Fallin shows no signs of wavering on Glossip’s fate. Earlier this month, a local Fox station reported that a juror from his first trial would have voted differently if some of the information that has recently come to light had been presented to the jury. In response to the story, a spokesman for Fallin said, “The fact that Glossip had one conviction overturned and was given a second trial illustrates that our justice system does respond to mistakes and has treated Glossip fairly. Governor Fallin believes in our justice system and is committed to upholding the law.”
Glossip’s legal team is frantically trying to save his life. But the options are limited.
Glossip’s Hail Mary for staving off execution in the federal courts was his failed petition to the Supreme Court earlier this year, in which his lawyers argued that executing him with the sedative midazolam, a component of Oklahoma’s lethal injection cocktail, would be unconstitutionally cruel. While the liberals on the court, led by Justice Stephen Breyer, used the case to make an impassioned argument for abolishing capital punishment, the conservatives held sway and ruled against Glossip.
As a result, much of the recent public pressure and lobbying has been aimed at Oklahoma’s governor. But Fallin only has the power to grant Glossip a 60-day stay of his execution, unless the parole board recommends clemency, which it hasn’t. His last best hope lies with the Oklahoma Court of Criminal Appeals, where Gossip’s lawyers will present last-minute new evidence on Tuesday that Sneed lied about Glossip’s involvement in the murder.
Much of that evidence hinges on the fact that Sneed was seriously addicted to methamphetamine, which he used intravenously. Sneed’s former drug dealer has signed an affidavit saying Sneed supported his habit by regularly stealing from the Best Budget Motel’s customers and breaking into their cars.
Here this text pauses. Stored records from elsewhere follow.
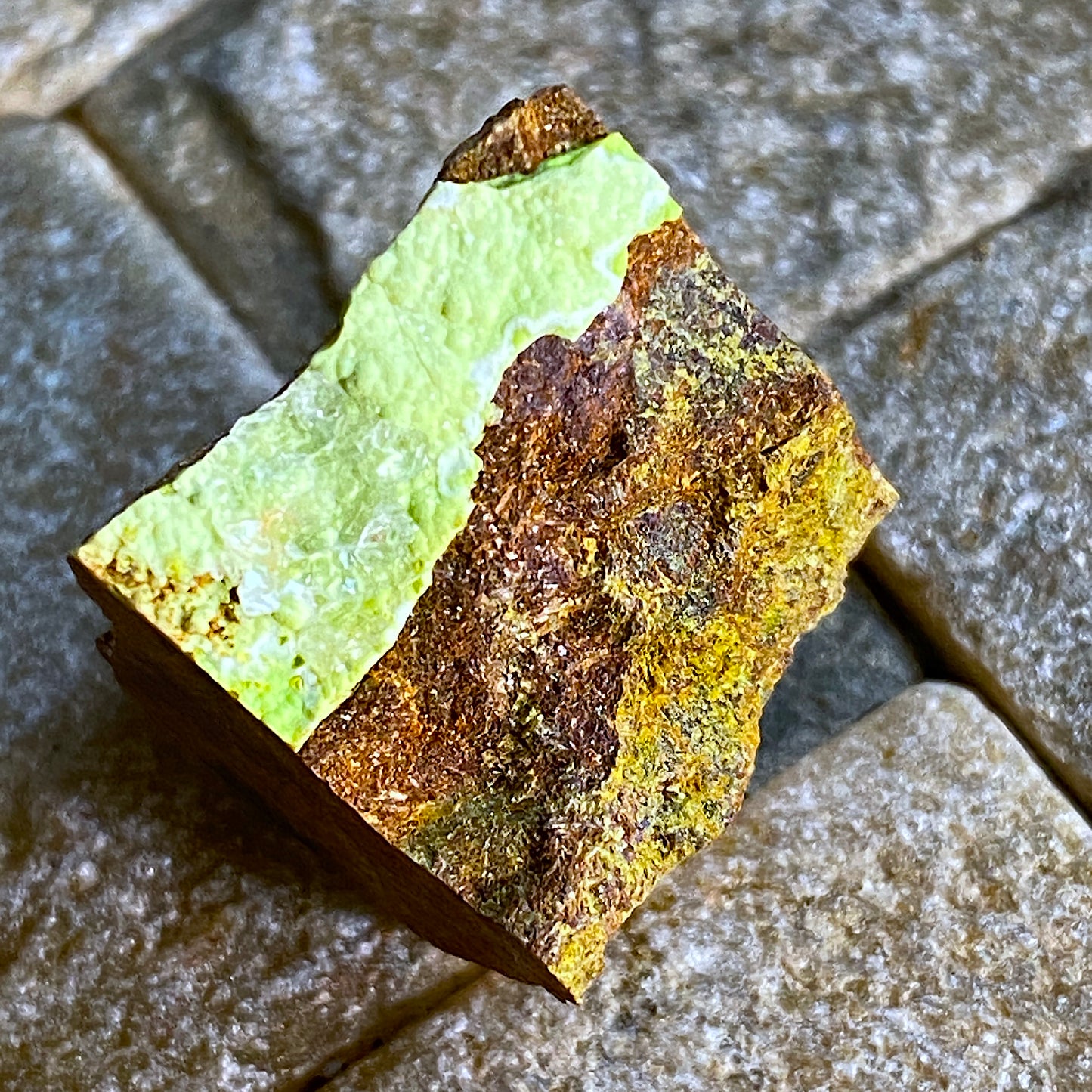 GASPEITE IN MATRIX, 132 NICKEL MINE, WIDGIEMOOLTHA, AUSTRALIA. MF1645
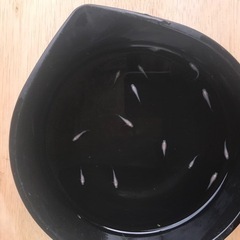 パンダメダカの画像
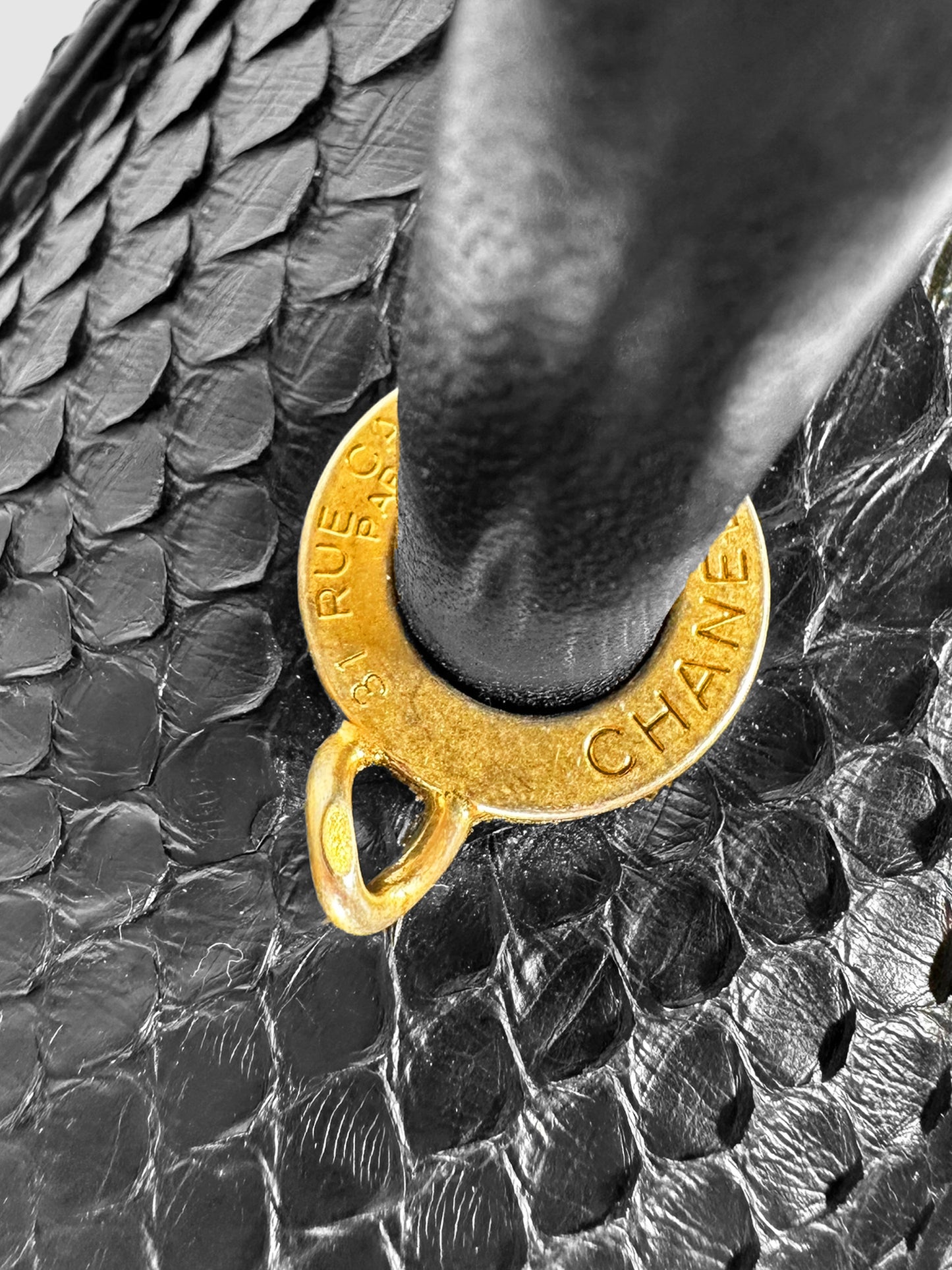 Python Coco Bag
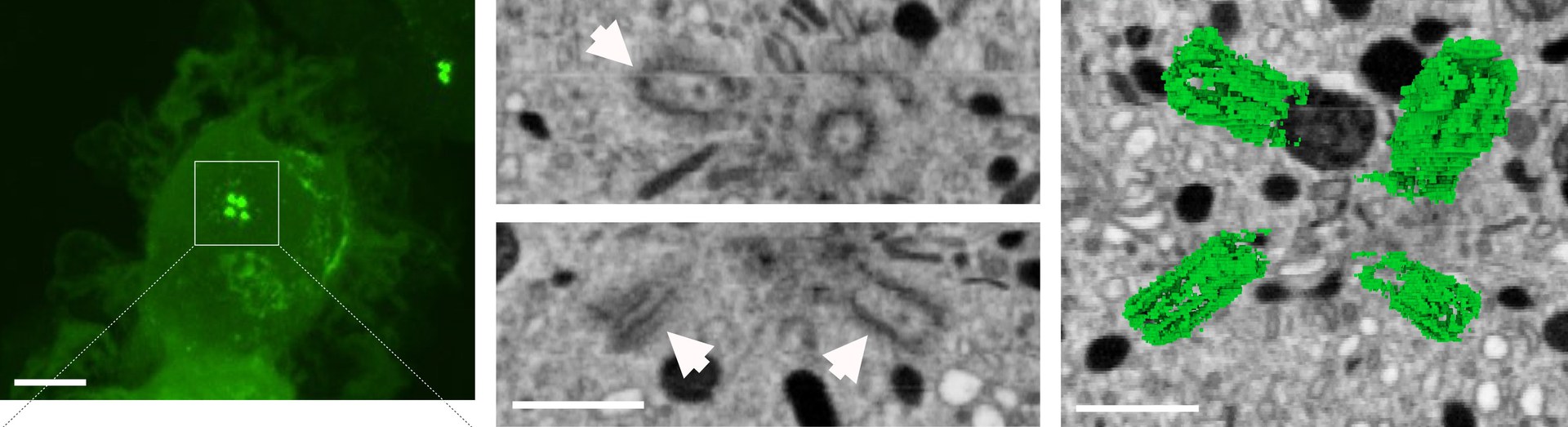 Das Bild zeigt eine dendritische Zelle, in der sich nach Kontakt zu einem Antigen zwei Zentrosomen mit vier sogenannten Zentriolen (grüne Punkte links; rechts daneben weiter vergrößert) gebildet haben.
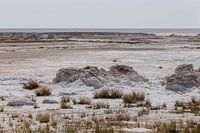 Zoutpan in Etosha NP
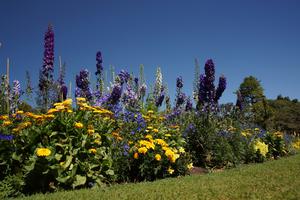 Frühlingsblumen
The testimony is designed to change the government’s narrative to show that Sneed was a drug addict who killed Van Treese during a robbery gone awry, and that he simply tried to use Glossip to save himself.
If the Oklahoma court finds the evidence credible, it could stay Glossip’s execution until it can hold a hearing to probe the new information further. Glossip’s lawyers realize they have a high bar to meet, particularly in Oklahoma. “This is not a DNA-type case,” says Don Knight, one of Glossip’s attorneys. “This is a case of ‘he said, she said.’ It’s hard to refute that kind of a situation.”
Still, Glossip has been lucky before: He received a last-minute reprieve from execution in January, when the US Supreme Court decided to take up his lethal injection challenge. He’ll know by Wednesday whether he’ll get another chance to stave off the death chamber.